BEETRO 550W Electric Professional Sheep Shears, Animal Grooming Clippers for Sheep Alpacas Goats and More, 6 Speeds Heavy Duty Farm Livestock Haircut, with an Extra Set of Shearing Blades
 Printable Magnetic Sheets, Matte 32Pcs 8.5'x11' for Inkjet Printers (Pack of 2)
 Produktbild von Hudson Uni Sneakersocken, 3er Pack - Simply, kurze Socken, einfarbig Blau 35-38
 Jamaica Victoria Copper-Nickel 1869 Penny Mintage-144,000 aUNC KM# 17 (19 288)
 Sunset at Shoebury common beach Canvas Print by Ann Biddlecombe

[Task objective] Taking the records above, retype every line from the one with "Printable Magnetic Sheets, Matte" down to the one with "Jamaica Victoria Copper-Nickel", exactly and with nothing else.

[Exercise solution]
 Printable Magnetic Sheets, Matte 32Pcs 8.5'x11' for Inkjet Printers (Pack of 2)
 Produktbild von Hudson Uni Sneakersocken, 3er Pack - Simply, kurze Socken, einfarbig Blau 35-38
 Jamaica Victoria Copper-Nickel 1869 Penny Mintage-144,000 aUNC KM# 17 (19 288)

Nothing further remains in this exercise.